▶ _Exercise details_
Set down exactly the lines below, starting at the one that contains "CỐC KHUẤY TỰ" and ending at the one that contains "Samsung Galaxy A23", with both of those lines included and nothing else.

▶ _Source data_
───
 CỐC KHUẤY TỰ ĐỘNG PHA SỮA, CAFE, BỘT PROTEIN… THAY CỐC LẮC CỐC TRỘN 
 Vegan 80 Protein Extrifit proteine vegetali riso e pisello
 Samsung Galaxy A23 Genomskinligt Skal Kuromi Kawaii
───
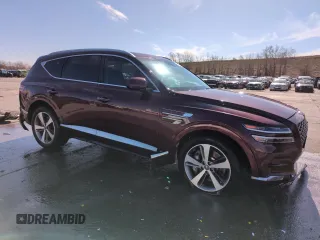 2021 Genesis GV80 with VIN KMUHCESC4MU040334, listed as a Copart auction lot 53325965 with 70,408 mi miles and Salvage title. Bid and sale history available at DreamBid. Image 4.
───
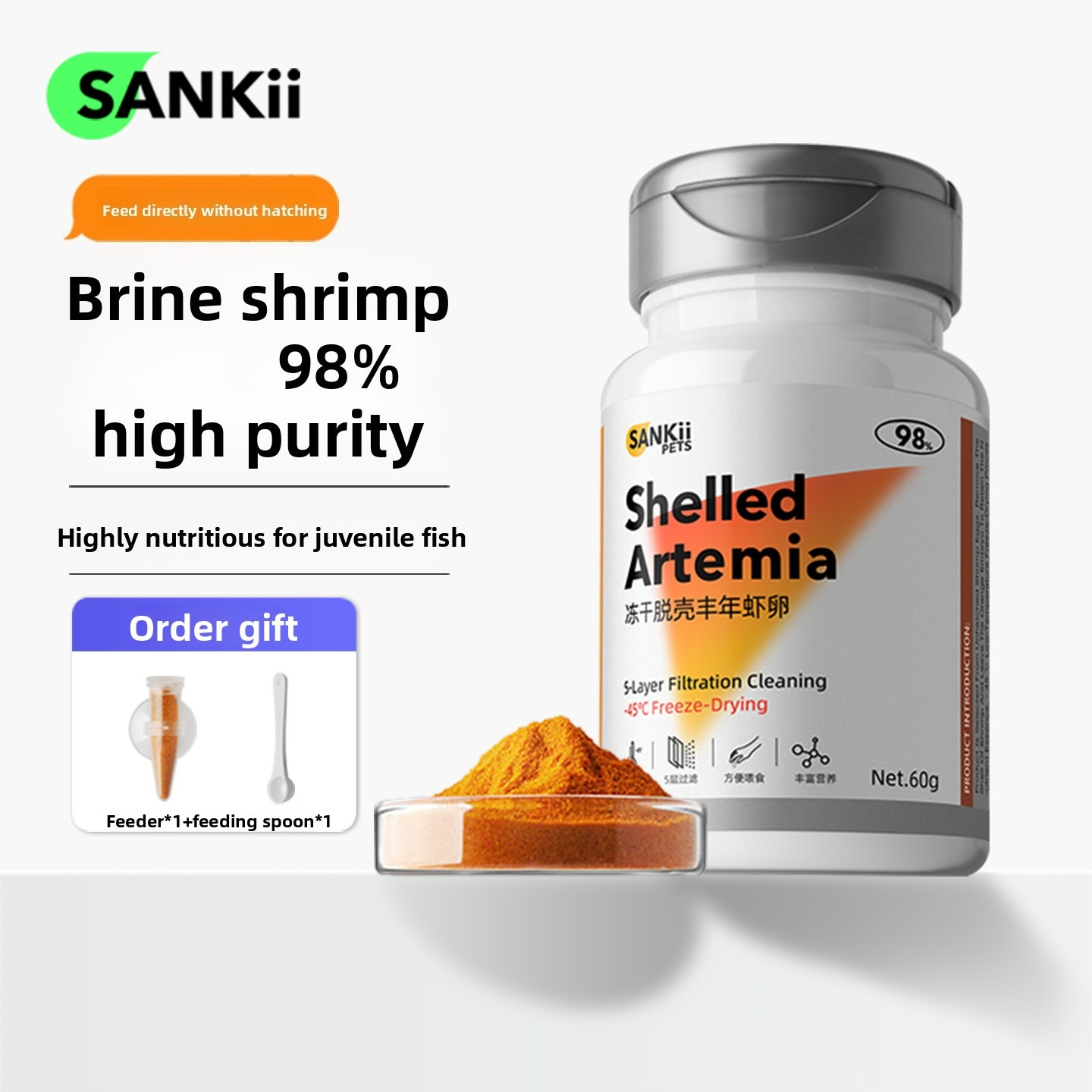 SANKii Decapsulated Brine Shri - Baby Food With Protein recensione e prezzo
───
▶ _Output for this exercise_
 CỐC KHUẤY TỰ ĐỘNG PHA SỮA, CAFE, BỘT PROTEIN… THAY CỐC LẮC CỐC TRỘN 
 Vegan 80 Protein Extrifit proteine vegetali riso e pisello
 Samsung Galaxy A23 Genomskinligt Skal Kuromi Kawaii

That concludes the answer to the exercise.